7) Ne pas déserter la formation à la parentalité, s’investir pour inventer avec eux des solutions communes. Repenser les questions sociétales et inventer massivement l’éducation populaire. Ne pas se contenter d’agir pour et à l’école même si ça reste un angle fort de nos combats.
8) Permettre à nos enfants de donner un avenir à leur futur.
9) Repenser les rapports entre nos expérimentations et les projets politiques.
10) Nécessité de retisser les liens entre le pédagogue et le politique, parcourir dans les deux sens la chaîne qui va de l’un à l’autre. Et il conclut avec cette affirmation qui ne peut qu’entrer en résonnance avec les valeurs qui nous animent et que nous défendons dans toutes nos actions et à travers tous nos dispositifs : « Parce que “le contraire de l’éducation, c’est la barbarie, le fait de ne
pas reconnaître l’autre comme pleinement humain ” (Bernard Charlot) … “ il n’y a qu’une éducation, elle est globale, s’adresse à tous et est de tous les instants. ” » (Gisèle de Failly, pédagogue, fondatrice des Centres d’Entraînement aux méthodes Actives, les CEMEA)

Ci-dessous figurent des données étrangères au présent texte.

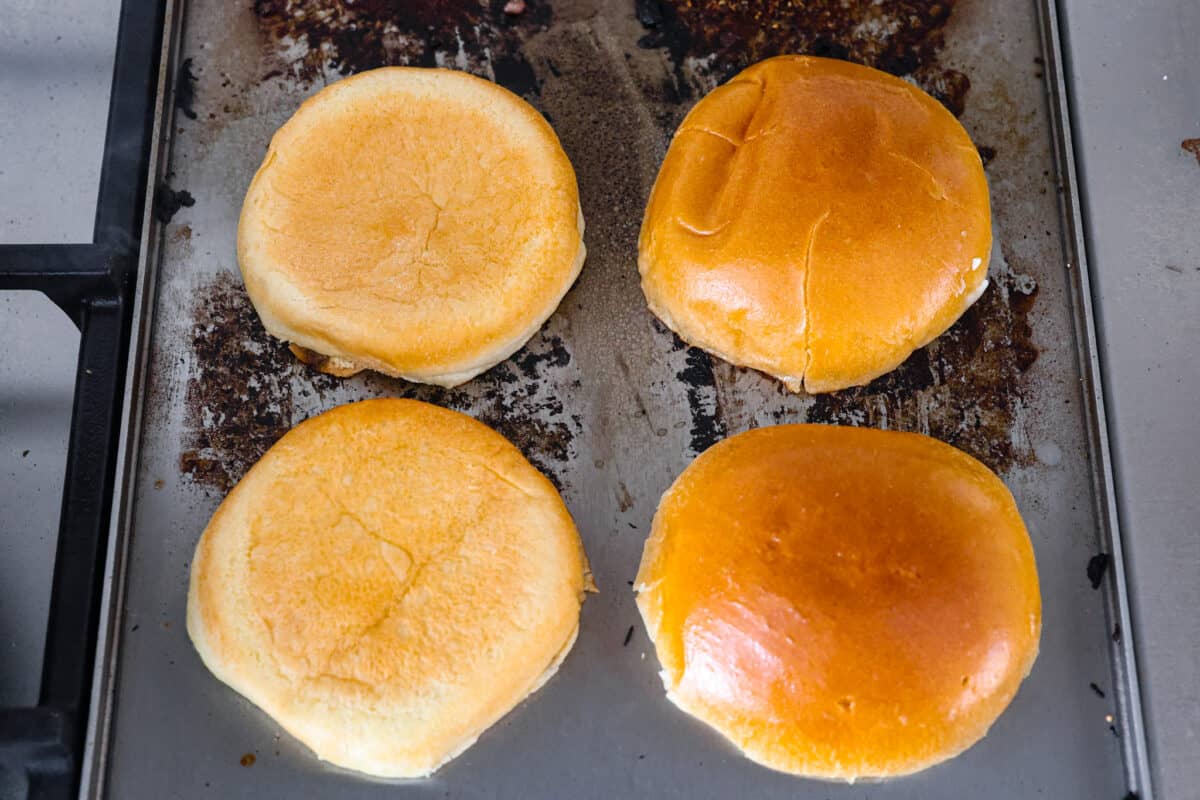 Overhead view of hamburger buns on a griddle being toasted. 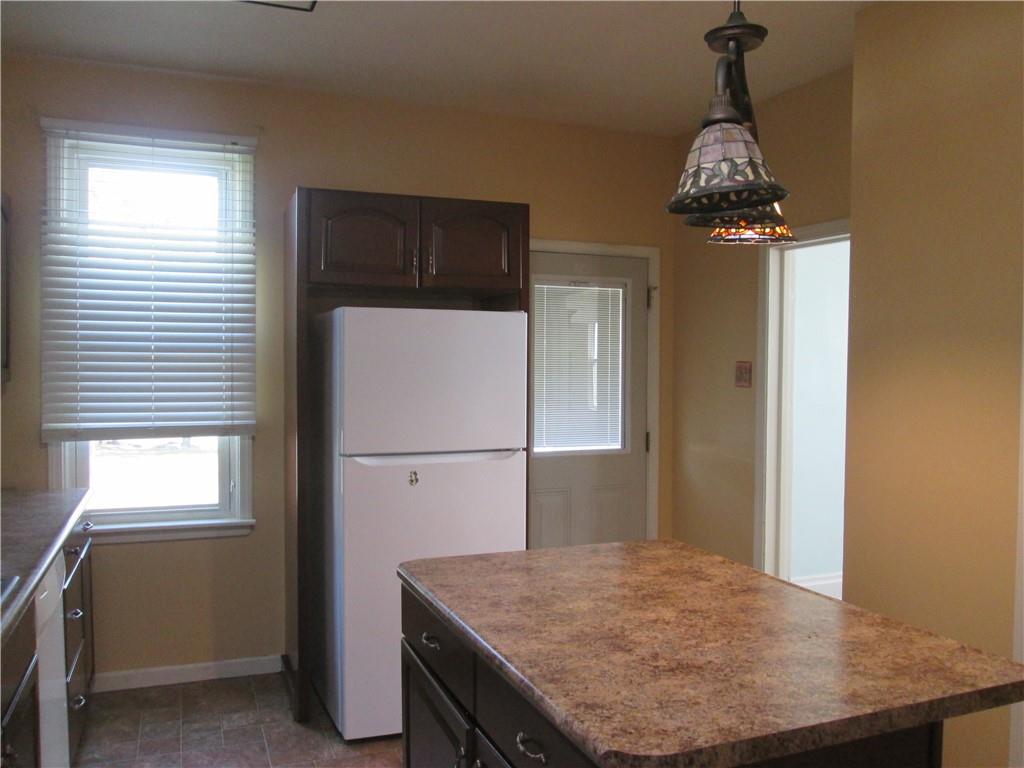 361 Reno Street Rochester, PA 15074 - Photo 9 of 21 a dining room with a table and chairs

En toute fin, chaque association partenaire a été invitée à lire à haute voix la phrase, issue du manifeste distribué à chacun.e en débit de biennale, qu’elle trouvait la plus marquante. Celle que nous avons choisi, Michèle et moi est la seule à avoir été citée 2 fois : « L’enfant a besoin d’une attention particulière car, s’il est l’avenir de l’humanité, il est aussi un être fragile et précieux qui doit pouvoir devenir, grâce à l’éducation, un citoyen actif, critique et responsable ».